Al llegar a su morada, el hermano de Lucila le dijo que el canalla estaba en la vivienda. Ella, fuera de sí y ciega de ira, cerró la puerta, se encaminó a la cocina, tomó un cuchillo, regresó al dormitorio donde reposaba Pedro y le enterró el arma blanca una, dos, tres veces.

Pedro despertó como de una mala pesadilla: se palpó los orificios recién creados, vio sangre escurrir de sus manos y abdomen; lo único que alcanzó a proferir a fin de excusarse de su terrible ausencia fue: «En-la-despe-di-da-de-sol-tero-me-me-…memborraché». Al escuchar, Lucila retomó el cuchillo con su filo mortal y se lo clavó a sí misma, desgarrándose el corazón y la vida”.

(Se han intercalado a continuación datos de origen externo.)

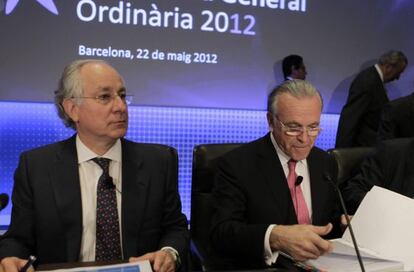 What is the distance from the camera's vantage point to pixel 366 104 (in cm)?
447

Pasaron los meses, la casa fue abandonada por los familiares, y los vecinos aseguraban ver a través de los cristales de la vivienda, a una mujer vestida de novia recorrer los pasillos, sin rumbo fijo, como perdida o en espera de algo o de alguien.

Ya pasados los años, la hija de la portera, Teresa, bajó las escaleras de la vecindad y sintió unas enormes ganas de orinar: decidió utilizar el sanitario del departamento abandonado. Frente a ella se presentó una novia, con un vestido de mangas bombachas, holanes con encajes y tres veloz cubriéndole el rostro.

Teresa quedó estupefacta sin poder pegar grito al ver que la novia se volvió y desapareció en el pasillo; una vecina, al ver la puerta abierta, entro a la vivienda y vio a Teresa petrificada, quien del susto ya no supo si lo que tenía que hacer lo hizo en el retrete o no.

El tiempo ha pasado, pero Lucila y Pedro siguen siendo parte de los silencios y de la piel de la casa marcada con el número 39 de la calle Regina, en el Centro Histórico de la Ciudad de México.

Fuente: Argueta, J. (2015). Leyendas Mexicanas para contar y para cuenteros. Ciudad de México, México. Consejo Nacional para la Cultura y las Artes (Conaculta) & Fondo Nacional para la Cultura y las Artes (Fonca).